The .NET ThreadPool by default has 25 threads per processor, so if you’re generating 200 reports when you call InternalGenerateReports it will queue 1,000 work items in the ThreadPool (200 reports * 5 work items for each InternalGenerateReports). Only 25 will be active at a time, but you can see that this model is probably not suitable for you.

The thread pool has a default limit of
25 threads per available processor,
which could be changed using
CorSetMaxThreads as defined in the
mscoree.h file. Each thread uses the
default stack size and runs at the
default priority. Each process can
have only one operating system thread
pool.

Think about using a producer/consumer pattern and instead of queuing 25 work items (i.e 25 threads), just create a few consumer threads (matching the number of processors/cores you have) which process requests for report generation from a central blocking queue which is populated by the producer(s). That should make things a bit more reasonable…

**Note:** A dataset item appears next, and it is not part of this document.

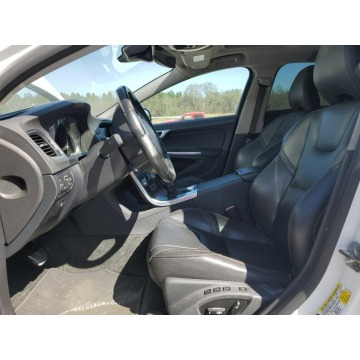 Volvo V60 2016,  2.4 benzyna, automat - Na sprzedaż za 23 739 zł - Katowice - zdjęcie 8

There are some articles that say you shouldn’t use a ThreadPool with ASP.NET:

You can use the ThreadPool in
exactly the same way in ASP.NET and it
works just as you would expect. The
problem is not in the ThreadPool
itself but in what else ASP.NET uses
it for at the same time. ASP.NET is
multi-threaded by design and it uses
the ThreadPool to serve pages and
content mapped to the ASP.NET ISAPI
filter.

If you also use the ThreadPool, then
ASP.NET has fewer threads to utilize
and requests are put on hold until the
pool returns a free thread. This might
not be a problem for a low traffic
site, but more popular sites can get
into trouble. Low traffic sites can
get into trouble if they use the
ThreadPool a lot.

Update

I think I found your issue… you’re queuing asrc.StartWork but you’re not passing in a state so when CompleteCallBack is called it doesn’t have anything to remove from the runningWorkers. Here is an improved version for you:

public class CountDownLatch {
    private volatile int m_remain;
    private EventWaitHandle m_event;

    public CountDownLatch(int count) {
        m_remain = count;
        m_event = new ManualResetEvent(false);
    }

    public void Signal() {
        // The last thread to signal also sets the event.
        if (Interlocked.Decrement(ref m_remain) == 0)
            m_event.Set();
    }

    public void Wait() {
        m_event.WaitOne();
    }
}

public class SscceReports
{
    public void GenerateReports(Queue<int> reportKeys)
    {
        int goodPoolSize = System.Environment.ProcessorCount;
        System.Threading.ThreadPool.SetMaxThreads(goodPoolSize + 10, goodPoolSize * 10);
        System.Threading.ThreadPool.QueueUserWorkItem(o=>
        {
            InternalGenerateReports(reportKeys);
        });
    }

    void InternalGenerateReports(Queue<int> reportKeys)
    {
        // assuming that the reportKeys.Count contains only 5 keys,
        // we create a countdown latch to hande the same number of keys
        CountDownLatch latch = new CountDownLatch(reportKeys.Count);
        foreach( int rk in reportKeys)
        {
            AsyncReportCreator asrc = new AsyncReportCreator(rk);
            asrc.WorkComplete += CompleteCallBack;
            System.Threading.ThreadPool.QueueUserWorkItem(o=>
            {
                asrc.StartWork(latch);
            });
        }

        // Wait for all the tasks to complete instead of sleeping
        latch.Wait(); // <- blocks untill all (5) tasks call latch.Signal()
    }

    void CompleteCallBack(CountDownLatch latch)
    {
        // Write queued report content to disk.
        latch.Signal(); 
    }
}

public class AsyncReportCreator
{
    public delegate void WorkComplete(CountDownLatch latch);
    public AsyncReportCreator(int reportKey)
    {
        key = reportKey;
    }

    public void StartWork(CountDownLatch latch)
    {
        // Create report;
        WorkComplete(latch);
    }
}